We then investigated the impact of information quantity on clustering and segregation processes in pedestrian groups. We performed experiments in which subjects were asked to walk in circular arenas, either randomly, or following a predefined rule. 22 subjects were randomly assigned one of two groups of equal size, and their positions were tracked with Ubisense tags attached to their shoulders. These tags also delivered in real time an acoustic signal whenever the majority of their k nearest neighbors belonged the other group. The subjects didn't know to which group they belonged and were asked to stop moving when the signal turned off. We studied the impact of various values of k on the spatio-temporal clustering dynamics, thus controlling social information.
The analyses of random walking were used to characterize the local interactions of pedestrians with the border of the arena, when only one single pedestrian was walking in the arena and the interactions between two pedestrians. Following an error minimization procedure, we reconstructed the precise functional forms of these interactions and built an accurate model of pedestrian motion.

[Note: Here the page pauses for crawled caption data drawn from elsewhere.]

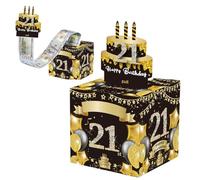 WHSY127 Tirelire Joyeux 21e Anniversaire pour Cadeau en espèces, boîte-Cadeau Surprise en Or Noir pour Cadeaux de 21e Anniversaire, gâteau d'argent, Tirelire 21e Anniversaire, boîte Cadeau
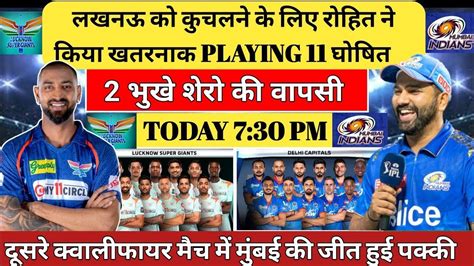 Mumbai Indians Vs Lucknow Super Gaints Tata Ipl Mi Vs Lsg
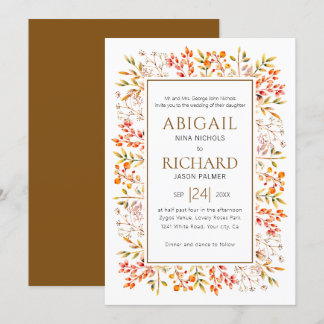 Border of leaves and berries brown wedding invitation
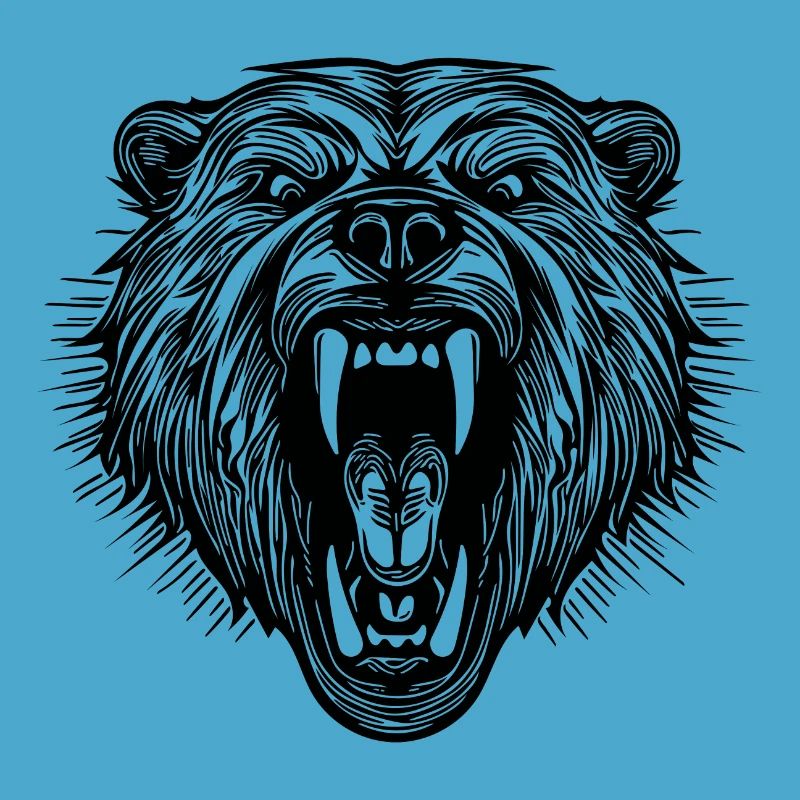 Angry bear's head with sharp teeth
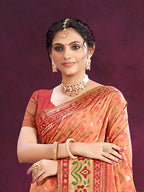Sangam Prints Dark Peach Cotton Silk With Meena Woven Work Traditional Saree - Distacart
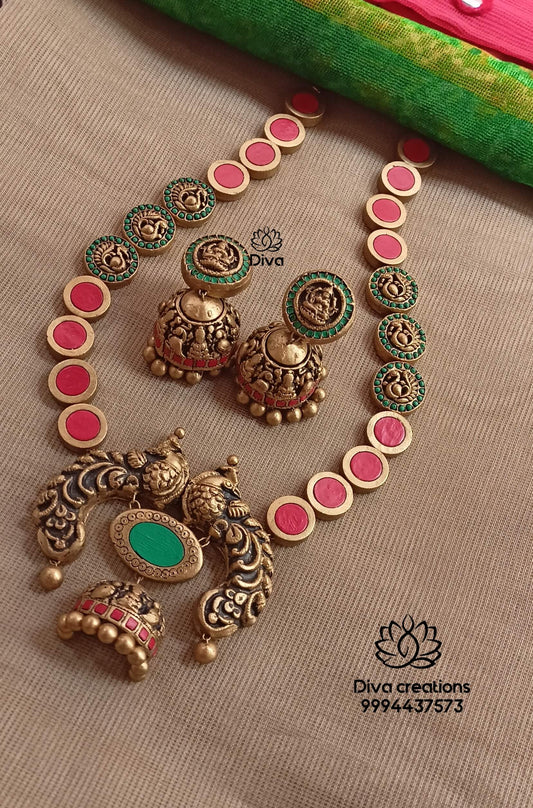 Red Green Nakshi Terracotta Jewellery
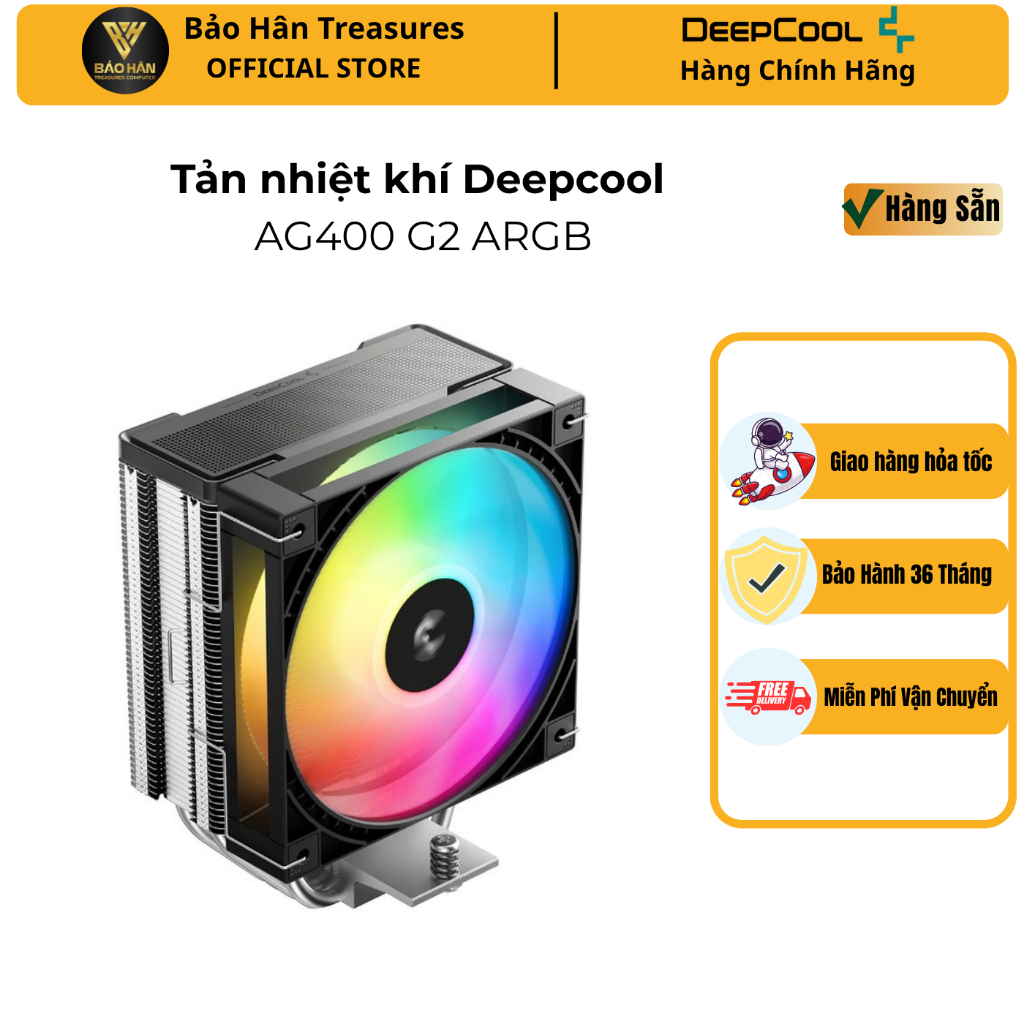 Tản Nhiệt Khí CPU DeepCool AG400 G2 ARGB - Hàng Chính Hãng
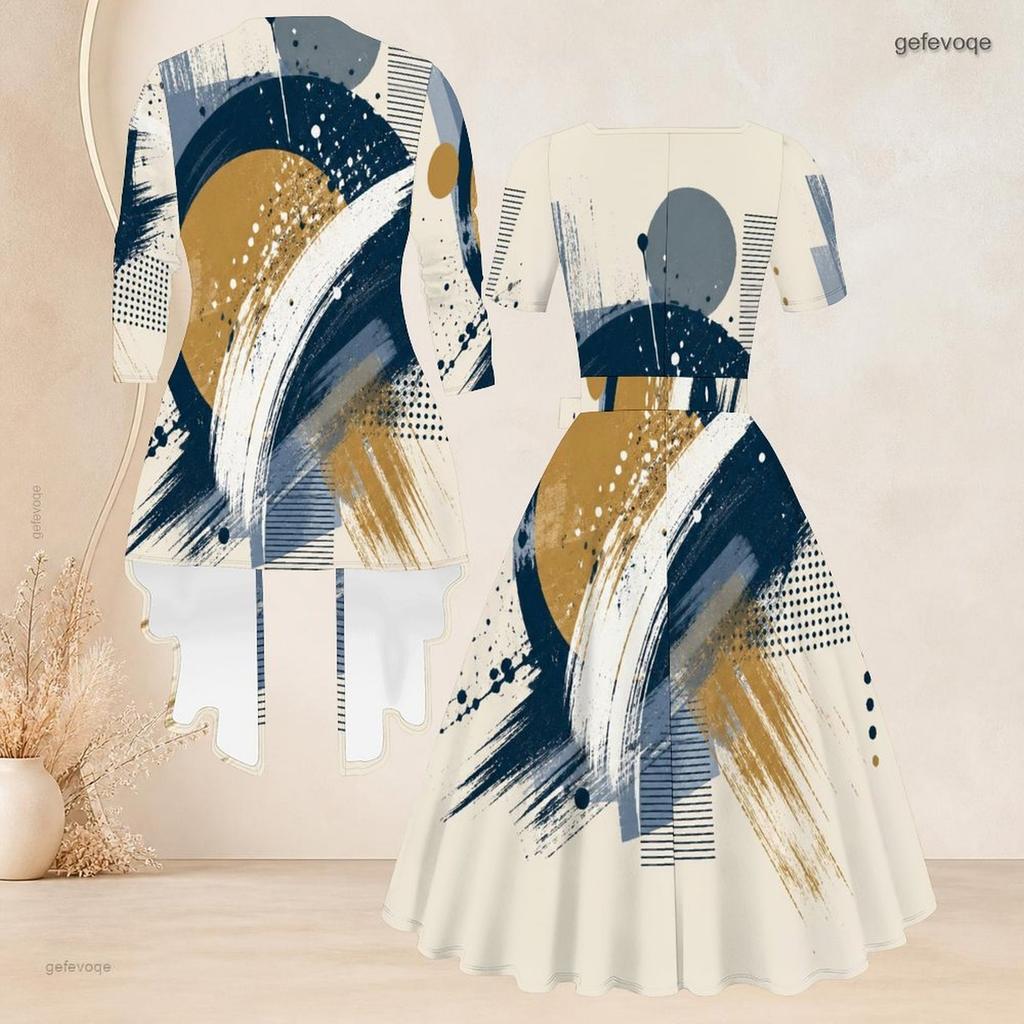Women Plus Size Abstract Printed Two Piece Set Long Sleeve Cardigan Square Neck Short Sleeve Tie Waist Flared Dress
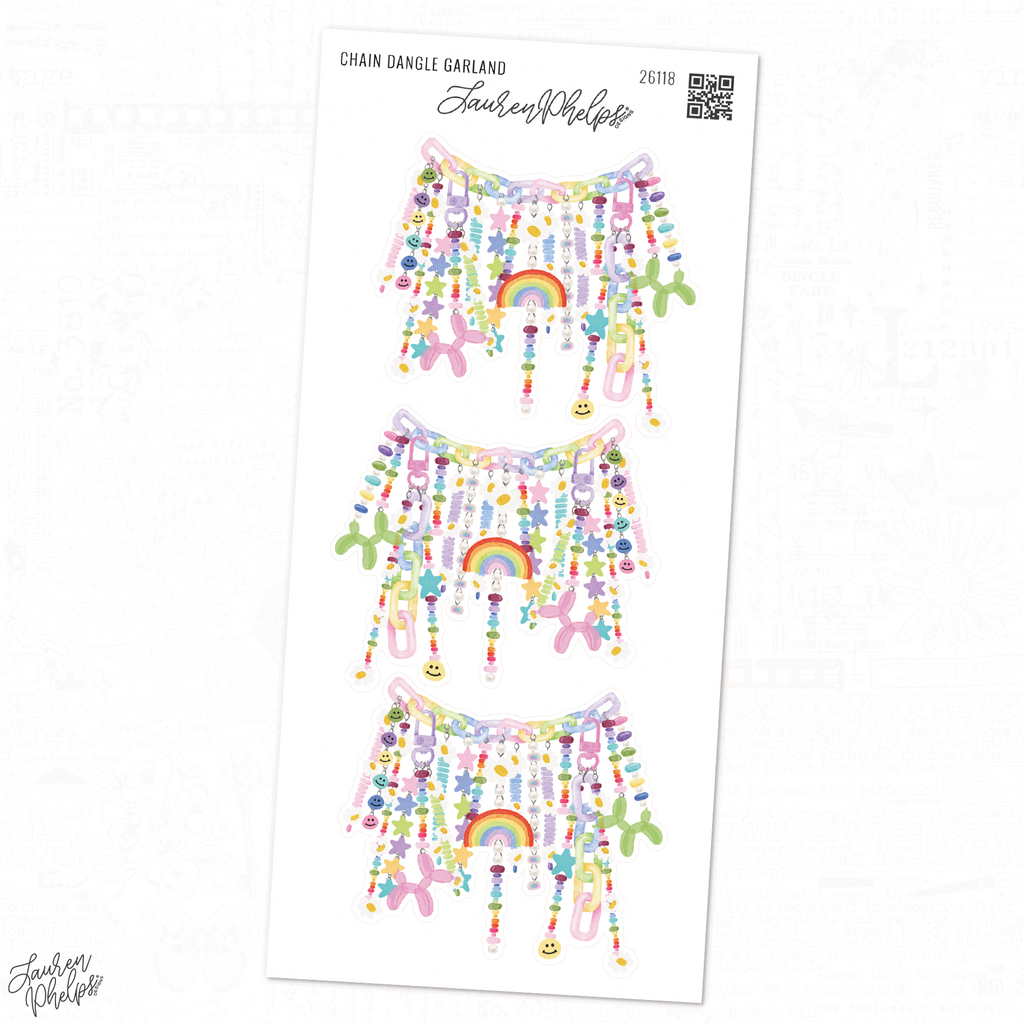 Chain Dangle Garland Deco Sticker Sheet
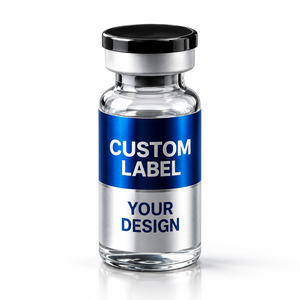 Custom Blue and Silver <b>Holographic</b> Glass Bottle Labels for 3ml 10ml Packaging - Product Image 1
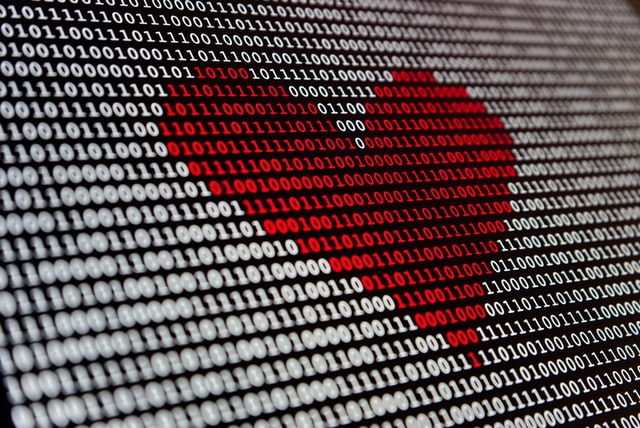 Red heart made out of binary digits, Credit: Alexander Sinn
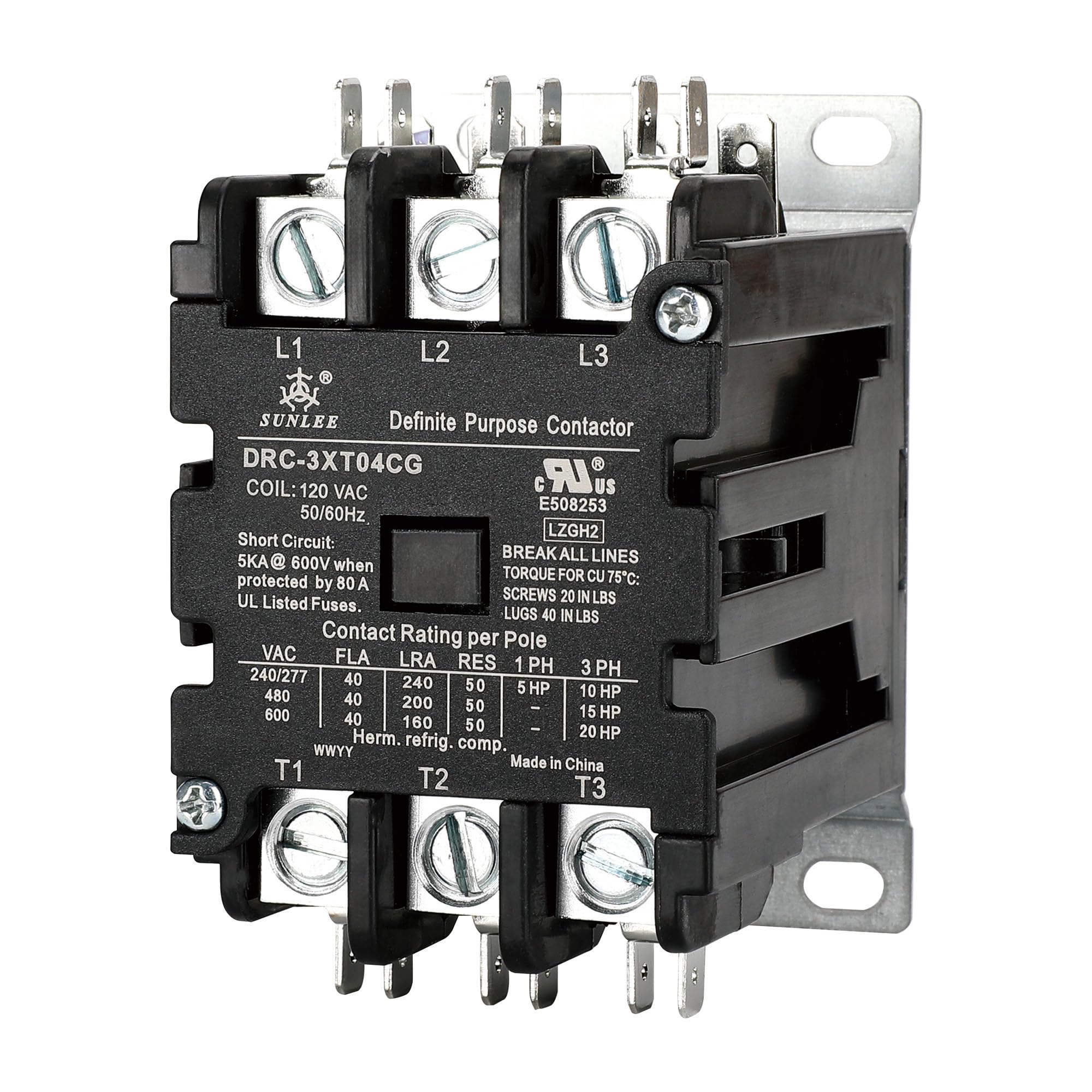Photo 1 of SunLee 3 Pole 40 Amp contactor 120V coil UL DP Contactor HVAC Contactor A2L Compliant 42CF35AF equivalent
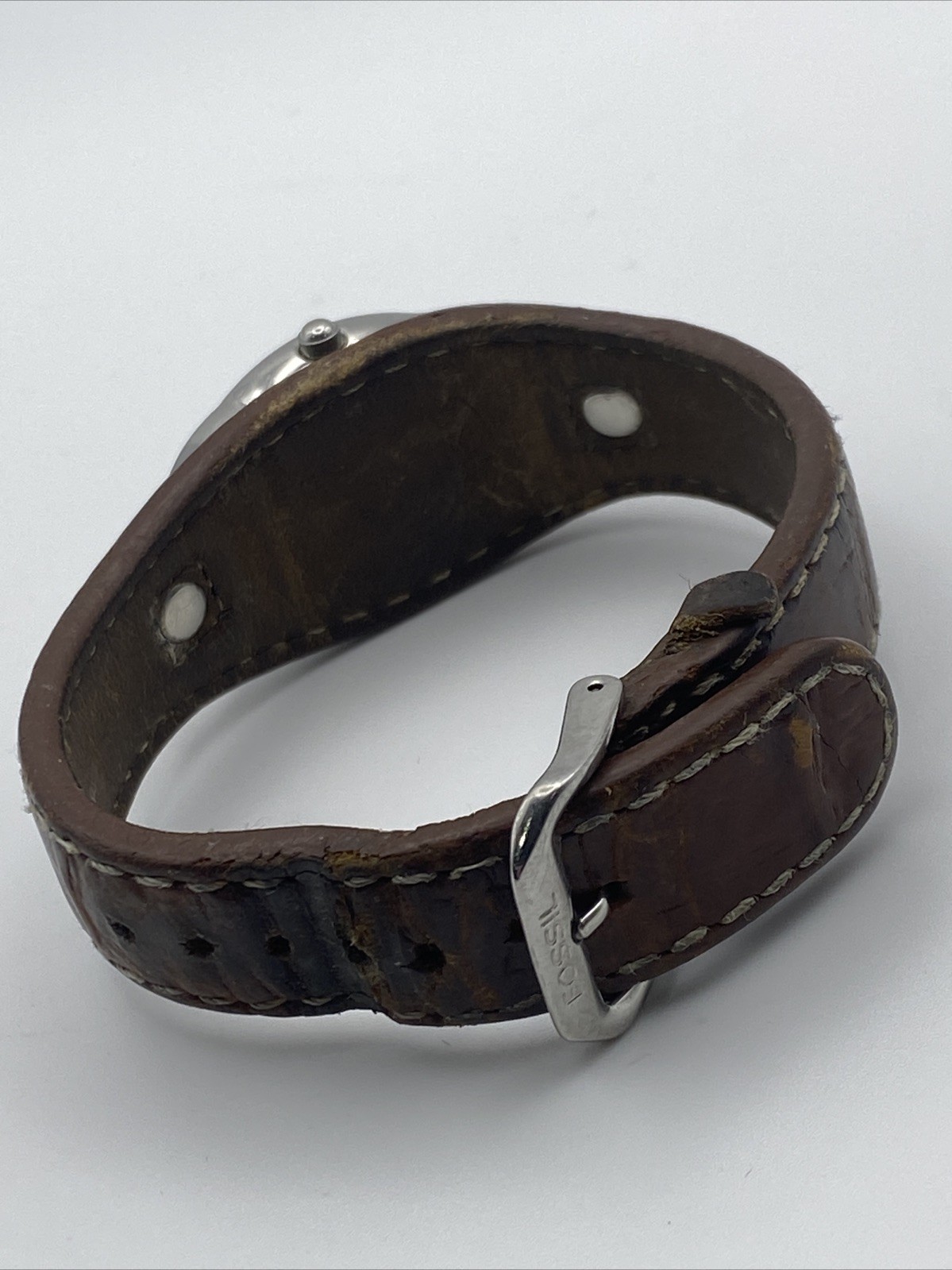 Fossil F2 Womens Watch ES-9730 22mm Case Brown Bund Strap Date New Battery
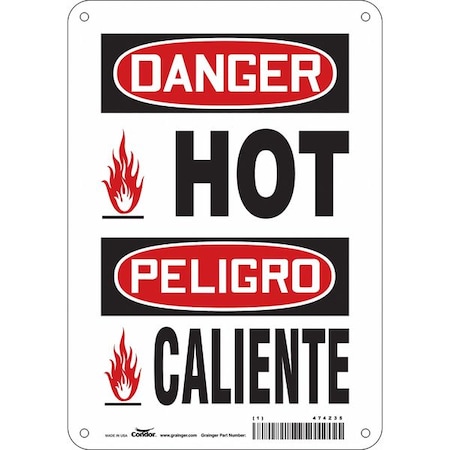 Danger Sign, 10 in H, 7 in W, Aluminum, Horizontal Rectangle, English, Spanish, 474Z35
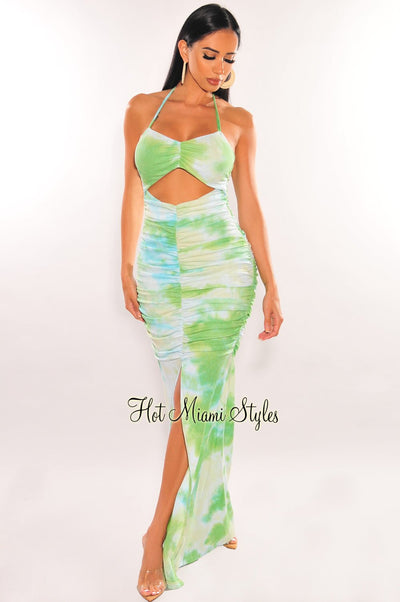 Green Tie Dye Halter Cut Out Ruched Slit Maxi Dress - Hot Miami Styles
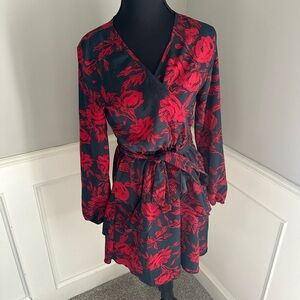 Boutique Women’s red and black Floral Wrap Mini Dress size small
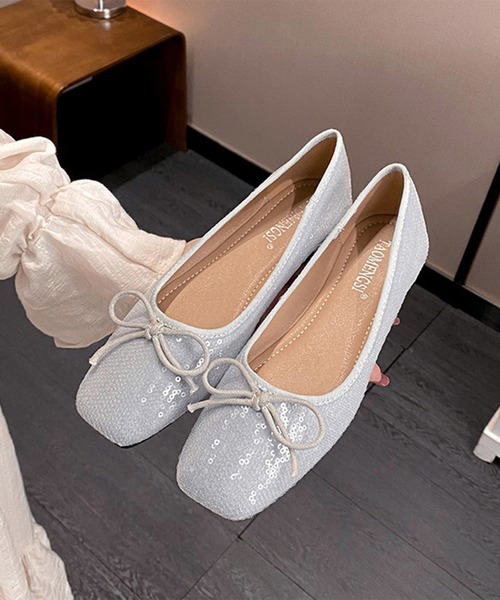 Lace Ladies(レースレディース)の「スクエアトゥ スパンコール リボン フラット パンプス(パンプス・レディース・ブラック/シルバー/ピンク・25cm/24.5cm/24cm/23.5cm/23cm/22.5cm)」の7枚目の写真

We then used this model to analyze the clustering and segregation phase, and investigated the impact of k on the collective performance, defined as the segregation time and number of groups at final time, a perfect segregation being reached when only two groups were formed. We found that both measures reach a minimum for k = 9. Above this value, the number of group saturates, while the segregation time degrades, suggesting that k = 9 is an optimum value for the collective performance.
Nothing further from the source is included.